Oh God. Lexie has been doing this for months. Her temper tantrums last for 5-10 mins at a time and she tries to get daddy to give in when mommy has already told her no. She has also decided to not listen to a **** thing any of us tell her so we're working on reinforcing all her commands. sigh. these teenage years are trying! hahaha


----------



## threefsh (Apr 25, 2011)

Riley went from doing completely reliable sit/stays one week to 75% reliable and 25% "Eh, I'm bored with this, I think I will pretend I forgot what you told me to do and go sniff around." It's driving me CRAZY! We've really stepped up the training at home and that seems to have helped, a little.



kristen said:


> Odin gets bitchy and talks back when he doesn't get his way. Then he sulks, and runs to Dad to try to get him to give in.


Haha, Ri has started this as well. She's mastered this super-annoying kind of whining-trill sound... oh boy, I'm dreading the next few months.


----------



## nicoledeez (Dec 20, 2010)

Well Lexie is 17months old and I can tell ya, she's been in this teenage nonsense for months. Hoping for a 2yr attitude change. :-D


----------



## Linescreamer (Sep 28, 2010)

With a very strong training regimen, Copper came out of it at around 14 months. He is 20 months now, and responds like an army Sargent! ;D


----------



## Ozkar (Jul 4, 2011)

With V's they tend to have two teenage hoods. So keep your eye out for the 2nd one which can be from 2.5 to 3.5 years.


----------



## pippa31 (Aug 2, 2011)

We are starting Teen 1 training with Pippa on Monday. She definitely, at 8 months, has started "talking back" and has now started jumping up when she doesn't get her treat when she wants it....um NO. I've been putting her in a lot of sit/stays when I need an attitude change with her. Hoping the more i add on obedience training, the shorter the teen stage will be....? :


----------



## Suliko (Sep 17, 2011)

nicoledeez said:


> Hoping for a 2yr attitude change. :-D


Same here! Even though Sophie is getting much better with not talking back, there is still room for improvement!


----------



## redbirddog (Apr 23, 2010)

http://redbirddog.blogspot.com/2009/09/horny-male-vizsla.html

Except from my post about Bailey in the "wonder years."

_Bailey is testing adulthood. He is testing me now. These are interesting times in raising an intact male. Never done this before. Casar tells that during this age dogs are "given up" to shelters. That cute puppy is no longer cute nor a puppy any more when the "true dog" comes out in them.

Bailey never did try to mount the female, for which I was grateful, but the poor girl's ears sure were wet from all the licking he did.

So here is another part of learning how to deal with this highly spirited, bright and strong-willed male hunting dog. 
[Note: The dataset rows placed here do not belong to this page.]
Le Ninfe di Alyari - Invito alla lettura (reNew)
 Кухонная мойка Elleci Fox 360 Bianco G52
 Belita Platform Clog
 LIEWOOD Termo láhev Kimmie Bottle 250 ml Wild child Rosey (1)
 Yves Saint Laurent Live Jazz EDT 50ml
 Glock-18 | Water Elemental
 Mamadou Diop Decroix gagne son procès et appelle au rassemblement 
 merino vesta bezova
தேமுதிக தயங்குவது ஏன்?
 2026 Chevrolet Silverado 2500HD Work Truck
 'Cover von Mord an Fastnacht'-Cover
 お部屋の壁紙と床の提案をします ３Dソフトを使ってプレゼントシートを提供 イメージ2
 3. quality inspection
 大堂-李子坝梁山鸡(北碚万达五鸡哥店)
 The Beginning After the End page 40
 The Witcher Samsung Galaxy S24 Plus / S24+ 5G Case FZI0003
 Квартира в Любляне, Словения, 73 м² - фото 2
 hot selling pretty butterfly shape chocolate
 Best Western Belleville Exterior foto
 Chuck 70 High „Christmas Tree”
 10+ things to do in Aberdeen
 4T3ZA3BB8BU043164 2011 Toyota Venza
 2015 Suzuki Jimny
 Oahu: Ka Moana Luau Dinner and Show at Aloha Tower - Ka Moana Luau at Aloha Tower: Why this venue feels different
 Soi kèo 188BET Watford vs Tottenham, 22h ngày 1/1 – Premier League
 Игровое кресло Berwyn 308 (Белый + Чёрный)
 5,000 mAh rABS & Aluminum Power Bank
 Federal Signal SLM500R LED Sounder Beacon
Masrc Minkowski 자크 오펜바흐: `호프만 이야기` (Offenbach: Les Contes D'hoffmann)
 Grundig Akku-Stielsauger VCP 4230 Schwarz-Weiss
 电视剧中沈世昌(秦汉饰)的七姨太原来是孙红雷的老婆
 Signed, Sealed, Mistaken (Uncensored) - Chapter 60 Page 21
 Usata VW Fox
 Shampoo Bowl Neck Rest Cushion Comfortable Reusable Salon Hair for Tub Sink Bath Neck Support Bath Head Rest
I know this stage will pass. In the meantime, Bailey will have to KNOW that I am the Alpha male. He may stay on leash a lot more over the next few months. His training will be tougher and commands stronger.

And yes, I did order our nice new training collar with a 1/2 mile range. Should arrive any day.

In my opinion, all teenage boys (including human ones that date our daughters) should wear one_.

Enjoy. We survived two teenage daughters and now two teenage Vizslas. What doesn't kill you makes you stronger.

RBD


----------



## Ozkar (Jul 4, 2011)

The good news is, that with a V, you get to enjoy TWO teenage stages. They go through another between 2.5 and 3 years. This one though, is where they really get stubborn!  A mate with two had to send them to Boarding school when they hit that age. Apha dog training here in Victoria, is like a boot camp for dogs. You send them there for a minimum of two weeks, they give you back a robot! The handover teaches you all you need to know in half a day and the dog is good to go.

I've seen the results, it does work. But to me, unless I had issues, I would rather handle it myself. 

I am sure you guys will have something akin to Alpha over there. Quite possible the theories and business model are adopted from you anyhoo!!!


----------